Given the large amount of noise about possible election fraud before the November elections and the rather deafening silence afterwards, can the Democrats reasonably complain about electoral fraud if they lose the next one?
I thought there was/is quite a bit of noise regarding the Florida 13th Congressional District, where 18,000 electronic votes apparently went missing.
Yes, if fraud is involved in the next election.
There may indeed have been some fraud in the 2006 election, but not enough to materially affect the outcome. Alternatively, if there was some, the Democrats have decided not to complain about an election they won in spite of some fraud.
What I would hope is that that the new majority in Congress takes steps to ensure that fraud is less likely in future federal elections, on either side, e.g., by requiring a written record to validate election machines.
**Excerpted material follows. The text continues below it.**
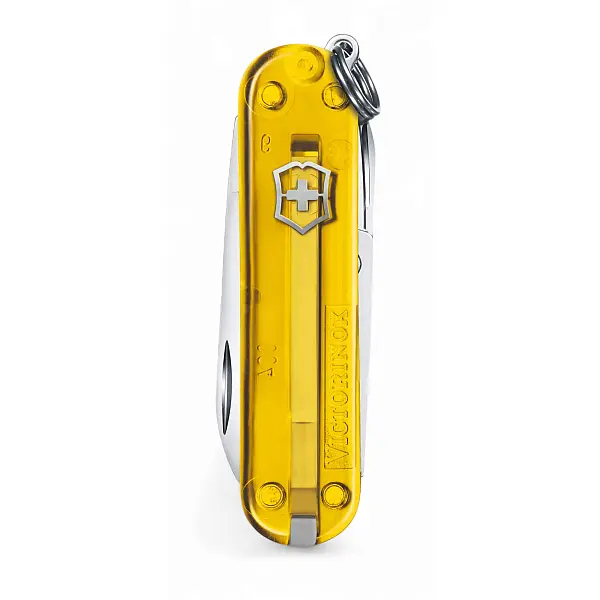 Victorinox Classic SD 0.6223系列58mm半透明瑞士刀 0.6223.T81G-0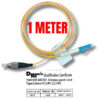 Patch Cord Single Mode FC/UPC-LC/UPC Simplex 2.0mm PC501 - Image 3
I would still like to see all voting machines have auditable paper trails just the same. Those damn Diebold boxes are just too easy to hack, as has been REPEATEDLY demonstrated.
I would like for Dems not to be able to steal votes wholesale, just as much as I would like for Pubbies not to.
And for the records there’s ALL KINDS OF FUCKING EVIDENCE THAT THE 2000 ELECTION WAS STOLEN (see: Choicepoint) so don’t think just because the theft either didn’t work or wasn’t attempted this time, that negates what happened then. It doesn’t, not by a long shot.
How’s that for noise?
What deafening silence? All the folks I know who were concerned about e-voting abuse before the election are still concerned about e-voting abuse after the election.
I sincerely hope the Democratic Congress makes a major overhaul of electronic voting machine standards one of their top priorities come January.
HBO is presently running a movie called “Hacking Democracy” that makes a very convincing case for the ease of hacking into the chips (undetected) that run these things.